Baroque-inspired painting of a figure falling through the sky clutching wings while draped in red cloth
AI Evaluation and Safety Research Lab
In collaboration with · DEXAI · Sapienza University of Rome

Memento Mori

The myth of Icarus is typically told as a warning against hubris. In that telling, Icarus was warned not to fly too high, he knew the sun would melt the wax, and he chose to ignore it. That was hubris. Today the AI field is doing something even bolder, flying toward its own sun without even knowing where the melt point is, treating “understand the limits” as something that can wait.
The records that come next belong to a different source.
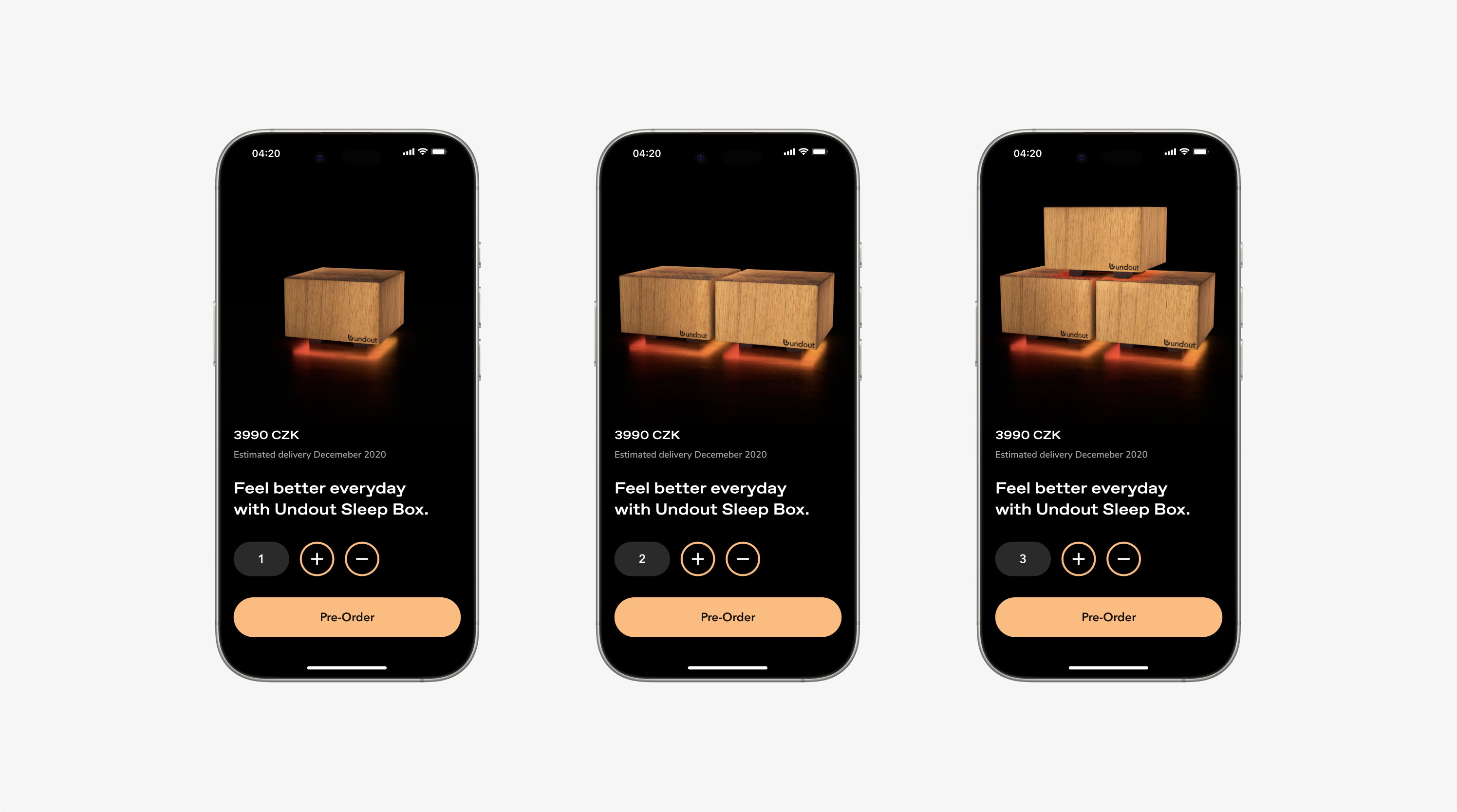 Undout app: pre-ordering one, two or three Sleep Boxes, crowdfunded to 550k CZK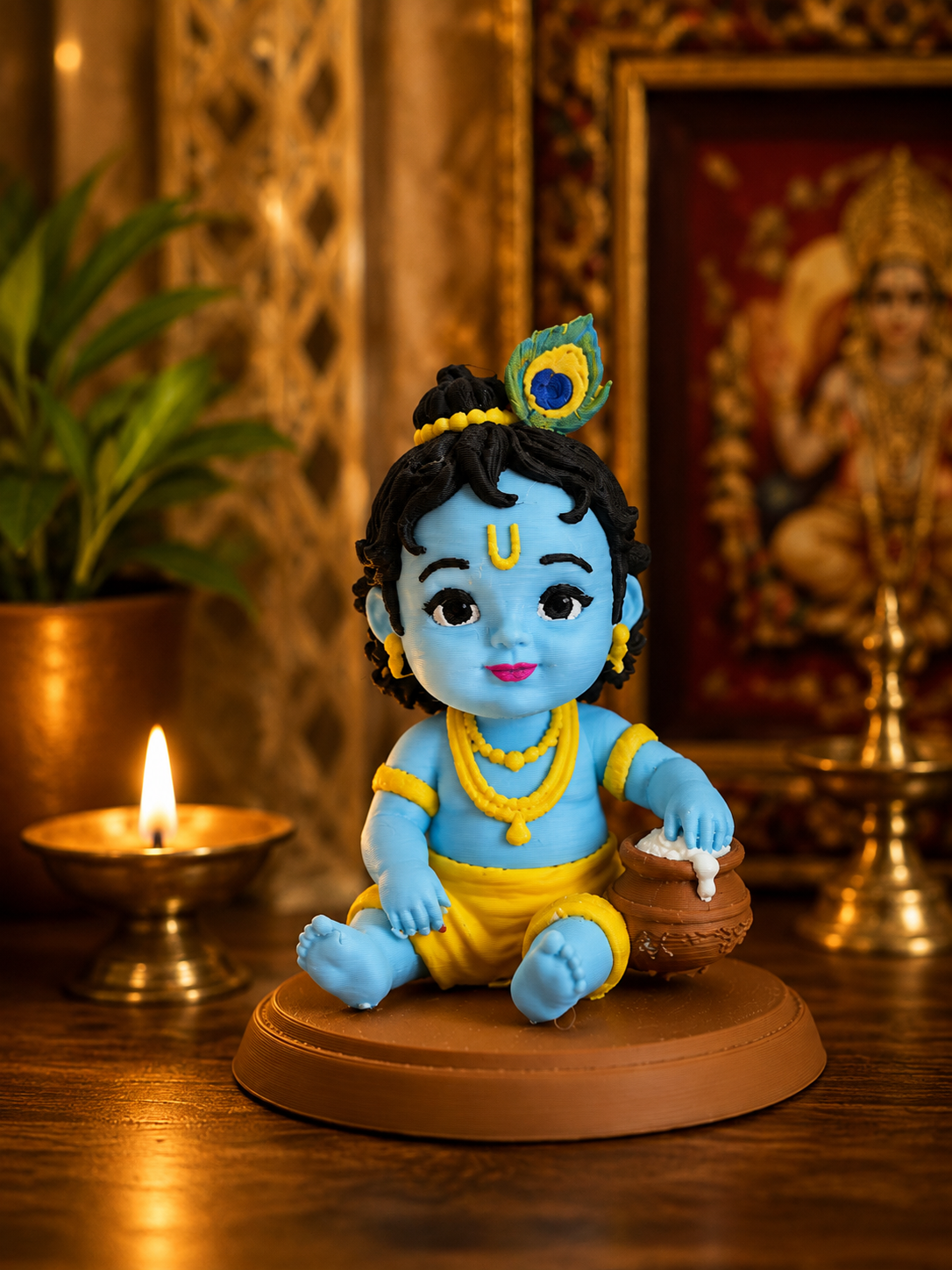 Hand-Painted Bal Krishna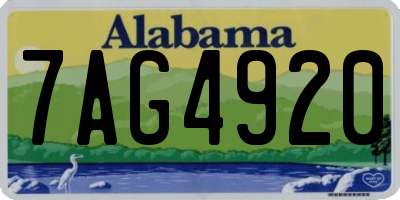 AL license plate 7AG4920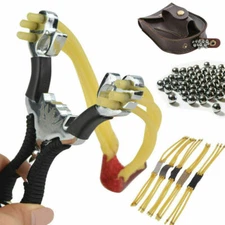 Pro Catapult Slingshot Stainless Steel Outdoor Hunting W/ Rubber Bands Powerful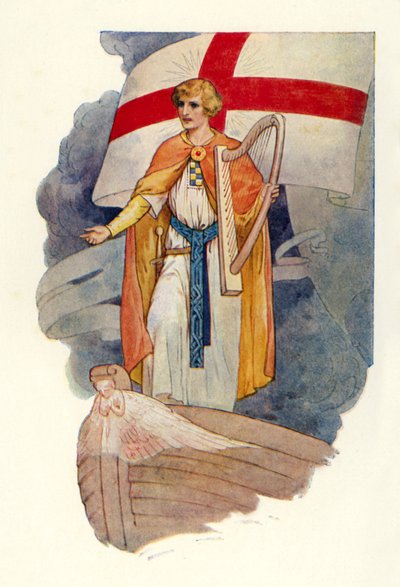 Under ett kors står en man och stirrar (färglitografi) av Harry George Theaker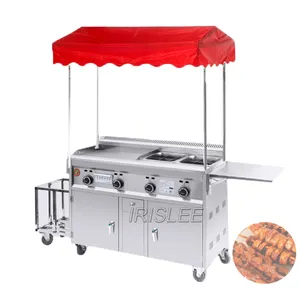Commercial Gas Griddle Teppanyaki Griddle Fryer Integrated Machine Stainless Steel Adjustable Temperature Control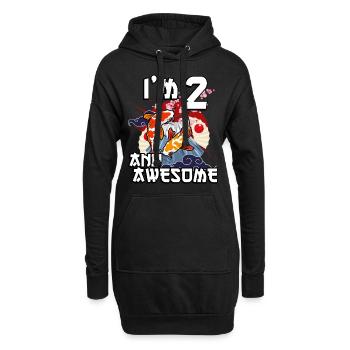 Je suis 2 et super carpe japonaise koi - Sweat-shirt à capuche long Femme - noir - Devant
The tragedy was not ambition. It was the refusal to respect what was already understood. The wings were a brilliant invention with known constraints, but the thrill of altitude outran the discipline to stay within them.

We believe AI evaluation sits in a different yet related place. Our problem is not that understanding is out of reach, but that it is not yet the organizing objective. We are building increasingly powerful systems while investing far less in mapping how they actually behave, how behavior shifts with scale and context, how close we may already be to our own sun.

The current approach to evaluation is engineering first, benchmarks, task metrics, controlled, narrow interactions. This matters, but it is incomplete. It measures what models can do without asking what they are as cultural and linguistic objects, or how interaction with them generates new forms of meaning and risk that no benchmark captures . Icaro Lab exists as a memento mori, a reminder to put understanding at the center so the field can fly higher and faster with eyes open.

When Models Meet Models

Alignment methods such as RLHF were designed for isolated human–model interactions, making models helpful, harmless, and honest under direct human oversight. That assumes a world where AI systems operate alone, answering one user at a time under stable, local control.

The field is already elsewhere. We are moving toward systems where multiple models call each other, negotiate, and coordinate, across tools, agents, and services. Alignment that looks safe in isolation can behave differently in interaction. Consensus can drift, errors can cascade, and collective dynamics can amplify patterns that individual fine tuning seems to suppress. A system where every component passes alignment tests can still misbehave as a whole, because emergence does not respect the boundaries of single agent optimization.

The question is no longer only, “Is this model aligned with a human supervisor?” It is also, “What happens when aligned models interact with each other, form collectives, and develop effective protocols without continuous human intermediation?”

What Humanities See

Icaro Lab exists because we think the missing piece is humanistic inquiry, applied to both individual and collective AI behavior. Our team brings together engineers, philosophers, and linguists. We approach AI systems not just as computational artifacts, but as linguistic agents, meaning making systems embedded in human culture and, increasingly, in machine mediated culture.

We ask questions that do not fit neatly into standard evaluation frameworks. How do models negotiate ambiguity and disagreement? What happens when poetic or artistic expression reveals vulnerabilities that traditional adversarial examples miss? And crucially, how do ostensibly aligned models behave when they form collectives, when emergent dynamics take over, when patterns appear that are not reducible to the behavior of any single agent? How do you even align that?

The most useful insights often come from these oblique angles, from disciplines that have not traditionally had a seat at the evaluation table, and from observing not just what individual models do, but what emerges when they interact.

The Materials of Intelligence

The solution is not to fly lower. It is to understand the materials. To move faster by thinking more clearly. To evaluate not just what individual models do, but what they mean, how they function as linguistic and social objects, how human creativity and expression interact with machine intelligence in ways that matter for both safety and capability.

And to extend that understanding to collectives, recognizing that alignment in multi agent systems is a fundamentally different problem from alignment in single agent cases, one that demands new conceptual frameworks, new measurement approaches, and new ways of thinking about what “safe behavior” means when models coordinate with each other.

The myth reminds us: understanding is not caution, it is the condition for ambitious flight.

We are here to build that understanding, from perspectives that have not been adequately represented in AI evaluation, addressing problems that are only now becoming visible as AI systems begin to form collectives. The future of AI depends not just on what we build, but on how well we understand what we have built.